This preliminary estimate is subject to change based on 
finalization of certain fair value determinations.  Such fair 
value determinations are not expected to have a material effect 
on the consolidated financial position or results of operations 
of Tracor.  The resulting excess of the purchase price over the 
preliminary estimate of the fair value of the net assets 
acquired ($60 million) is being amortized over 30 years.

Subsequent to June 30, 1996, Tracor completed the sale of an AEL 
division and has closed, or is in the process of closing, the 
sale of three AEL properties, resulting in proceeds of 
approximately $18 million.  Approximately $10 million of 
long-term debt related to these properties will be retired with 
the proceeds. These assets are recorded as assets held for sale 
at June 30, 1996.

AEL's results of operations have been included in the Company's 
consolidated statements of income from February 22, 1996, the 
date of acquisition, through June 30, 1996.  The following net 
sales, net income, and net income per share are presented on a 
pro forma basis, assuming the acquisition had occurred on 
January 1, 1995 (in thousands, except per share data):
   
                                      Six-Month
                                    Period Ended
                                      June 30.
                                  --------------------
                                    1996        1995
                                    ----        ----									 
Net sales                         $513,272    $491,303
Net income                          10,173      13,378
Net income per share fully diluted     .43         .61

The pro forma results are not necessarily indicative of the 
actual results of operations that would have occurred had the 
acquisition of AEL occurred on January 1, 1995, nor of future 
results.

  Westmark Acquisition

On June 13, 1996, Tracor concluded the acquisition of 
substantially all assets of Westmark Systems, Inc. (Westmark), 
which primarily consisted of Tracor stock and warrants and 
certain other real estate holdings. Westmark, the former parent 
company of Tracor, held all of Tracor's Class A stock (978,458 
shares), a Series B warrant to purchase 5,249,428 shares of 
Tracor common stock with an exercise price of $4.42 per share 
and a Series C warrant to purchase 5,455,000 shares of Tracor 
common stock with an exercise price of $7.36 per share.

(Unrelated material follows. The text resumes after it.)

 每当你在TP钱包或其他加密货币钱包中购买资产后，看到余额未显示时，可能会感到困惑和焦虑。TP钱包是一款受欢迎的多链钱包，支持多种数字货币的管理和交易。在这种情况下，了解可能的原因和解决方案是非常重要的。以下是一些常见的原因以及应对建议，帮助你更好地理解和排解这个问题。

Under 
the agreement, which was approved by the shareholders of both 
companies on June 13, 1996, Tracor exchanged 8,267,435 shares of 
common stock for the assets.  Westmark liquidated concurrently 
with the closing by distributing the Tracor shares to its 
shareholders.  The agreement provided for a distribution of the 
Tracor shares through underwritten secondary offerings of a 
maximum of one-half of the shares during the first two years 
after the closing.  Accordingly, approximately 3.6 million 
shares were sold in a public offering concluded on July 11, 
1996.   See Note F.

Note E -- Long-term Debt

Concurrent with the AEL acquisition, Tracor amended and restated 
its existing credit agreement (Amended Credit Agreement) 
increasing the total credit available thereunder from $135 
million to $270 million.  The Amended Credit Agreement consists 
of a $180 million term loan facility, a $40 million revolving 
loan facility, and a $50 million letters of credit facility.  
Substantially all assets of Tracor and certain domestic, wholly 
owned subsidiaries are pledged or mortgaged under the Amended 
Credit Agreement, and all borrowings are guaranteed by such 
subsidiaries.

The term loans are comprised of an $80 million A Term Loan, a 
$50 million B Term Loan, and a $50 million C Term Loan. The A 
Term Loan facility is evidenced by promissory notes maturing 
October 31, 1999, and requiring quarterly principle payments of 
approximately $5.3 million.  The B Term Loan facility is 
evidenced by promissory notes maturing October 31, 2000, 
requiring quarterly payments of $133,333 through and including 
October 31, 1999, and quarterly payments of $12 million from 
January 31, 2000, through October 31, 2000.  The C Term Loan 
facility is evidenced by promissory notes maturing April 30, 
2001, requiring quarterly payments of $131,578 through October 
31, 2000, and two payments of $23,750,000 on January 31 and 
April 30, 2001.  The revolving loans facility is evidenced by 
promissory notes maturing December 31, 2000.  The letters of 
credit facility provides for the issuance of letters of credit 
with expiration dates generally 18 months or less from the date 
of issuance (automatically renewable unless a default exists at 
the expiration date) but in any event not later than December 
31, 2000.

The Company made scheduled payments of $5.3 million on the A 
Term Loan facility, $133,333 on the B Term Loan facility and 
$131,578 on the C Term Loan facility during the second quarter 
of 1996.  No borrowings were made from the Company's revolving 
loan facility during the quarter.

Certain mandatory prepayments are also required, including the 
prepayment of amounts equal to 100% of the net proceeds from any 
asset sales, subject to certain exceptions, and 50% of annual 
excess cash flow.  Such mandatory repayments are to be applied 
to equally and ratably prepay the A, B, and C Term Loans based 
on the relative principal amounts outstanding.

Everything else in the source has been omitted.